El auricular del aparato telefónico de mi señor padre, decíamos, era enorme, como para dos orejas. El sonido retumbaba y uno pensaba que el yunque o el martillo se irían al garete a la segunda frase del interlocutor.Todo era muy lento; el servicio telefónico también, no faltaría más.. En la mecánica técnica de la época, no existía autonomía, que permitiera provocar llamadas de realización directa. Se tenía que pasar por una operadora. Yo no sé cómo eran las operadoras –nunca había visto a ninguna de cuerpo presente- pero siempre me las imaginé gordas; gordas y vestidas de negro, con el pelo recogido en un moño. Y con gafas de concha de color muy indefinido. Eso sí, siempre féminas.

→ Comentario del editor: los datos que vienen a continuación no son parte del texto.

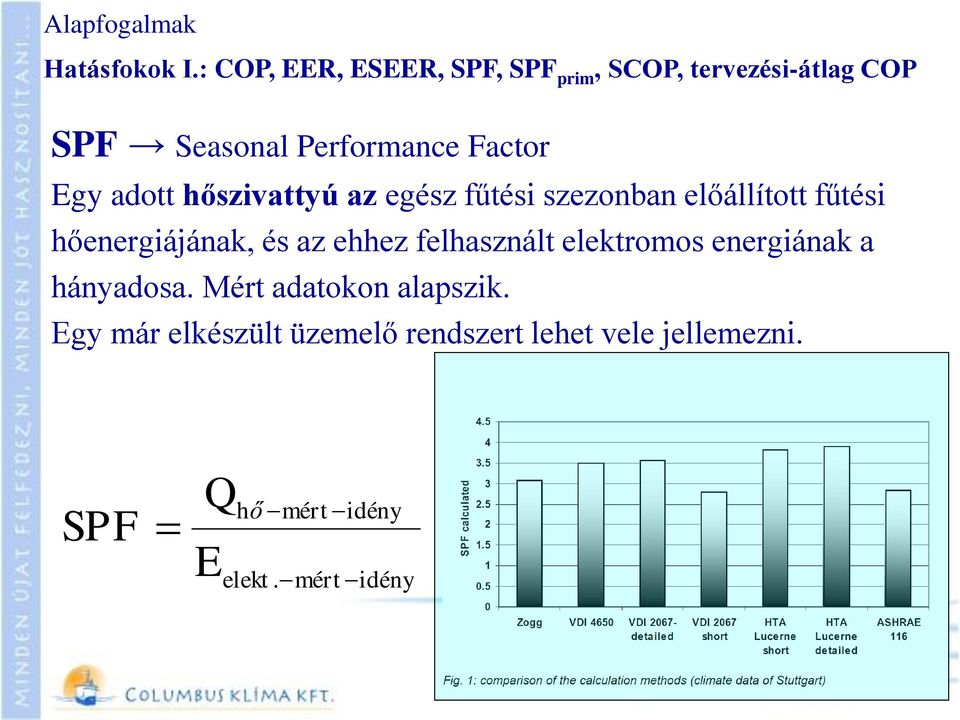 adott hőszivattyú az egész fűtési szezonban előállított fűtési hőenergiájának, és az ehhez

Mi padre decía: “señorita: quiero un número”. Y la operadora le requería: “¿de dónde?” A lo que mi padre respondía raudo: “de Cáceres”. (Se producía lo que años más tarde se llamó el juego del “veo, veo, ¿de qué color? ¿con qué letrita? etc). Y, en aquel momento, invariablemente, la señora presuntamente gorda soltaba, como quién no quiere la cosa: “uy! Cáceres tiene demora!”. “¿Cuánta demora?”, inquiría mi progenitor. “seis horas: Cáceres, seis horas”. Ahí, justo en este momento, yo, junto a mi padre y atento, aprendía, sin esfuerzo ninguno, todos los nombres y situaciones de la Sagrada Biblia en forma de imprecaciones, injurias y juramentos; en definitiva, tacos, palabrotas y otras groserías destacables. Mi señor padre, con las canas erizadas y la ira violenta enrojeciendo sus ojos, prestaba su personalidad al azar de los dioses. No era especialmente Cáceres: era todo!

En los pueblos –en alguna tienda, bar o casa particular- existía lo que se llamaba “centralita”; un lugar donde se aposentaba un señor o señora (los propios propietarios del establecimiento o de la casa), delante de un panel con muchos cables y muchas clavijas y que tenía como objetivo, conectar, telefónicamente, a los vecinos entre sí o bien con el resto del mundo, un mundo reducido, claro. Normalmente, era de sobras conocido que los “telefonistas” escuchaban todas las conversaciones (igual que los carteros, que toda la vida se han dedicado a abrir los sobres de las cartas antes de repartirlas; para qué nos vamos a engañar...).

En mi pueblo, el telefonista se llamaba Jaime. En aquel momento, su personalidad psicológica era conocida con el nombre –hoy, políticamente incorrectísimo- de “tonto del pueblo”. Él, sabedor de sus carencias intelectuales, solía repetir a todo aquel que quisiera escucharle: “Eh! Que yo no soy gilipollas de nacimiento, ¿vale? Que lo mío se debe al cinturón de mi padre, que era muy estricto conmigo…” Jaime, como telefonista, tenía un plus: no sólo escuchaba a los distintos interlocutores, si no que, además, intervenía. De tal manera que si una persona de fuera del pueblo le preguntaba a una vecina si el domingo había llovido, y la vecina le respondía: “uy, sí, Marta, llovió a cántaros!”, Jaime, con una voz nada forzada y sin disimulo ni vergüenza, replicaba: “bueno, señora, a ver, llovió, sí, pero nada, cuatro gotas…”

Jaime, un buen día estaba apoyado en la fachada exterior de la “centralita”, algo pensativo y taciturno. Le pregunté que cómo andaba y, con ojos achinados (un punto de ironía, clásico en la comarca) me comentó: “como creen que soy tonto, han querido timarme en la ciudad. El próximo sábado, mi sobrino celebra su Primera Comunión. He ido a una casa de fotografía y he comprado cuatro rollos de película para tirar unas fotos. Cuando he regresado, mi hermana me ha dicho que soy un imbécil, que me han vendido rollos caducados desde hace años. ¿Sabes que pienso? ¡Que los gilipollas son ellos, los de la tienda: porqué no pienso tirar ni una puta foto! ¡Se van a joder esos mamones!”

Tras esa brillante explicación –y oyendo el típico ruido de una llamada- Jaime entró velozmente en la “centralita”. Viendo las lucecitas con dos números encendidos me dijo con rara discreción y voz escondida: “pasa, pasa: es doña Rosa que llama a Pepe, el marido de Catalina! Son amantes, ¿lo sabías? Se va a armar un buen pitote…Ven, ven, que lo vamos a oír…”

Con la técnica moderna, se ha perdido humanidad.